In the listing that follows, locate the line containing "Vector illustration of" and the line containing "Motorrad Britische Zwillingsflasche". Retype exactly those two lines and every line between them, and nothing more.

- _Excerpted data_
◆ ◆ ◆
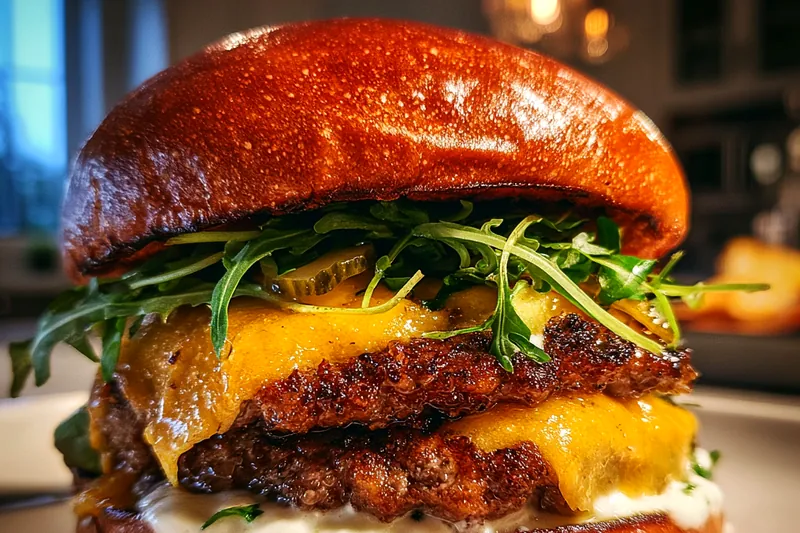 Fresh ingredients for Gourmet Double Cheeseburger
◆ ◆ ◆
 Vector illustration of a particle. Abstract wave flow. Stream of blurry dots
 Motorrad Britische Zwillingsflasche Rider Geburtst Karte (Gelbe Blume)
◆ ◆ ◆
- _Solution to this exercise_
 Vector illustration of a particle. Abstract wave flow. Stream of blurry dots
 Motorrad Britische Zwillingsflasche Rider Geburtst Karte (Gelbe Blume)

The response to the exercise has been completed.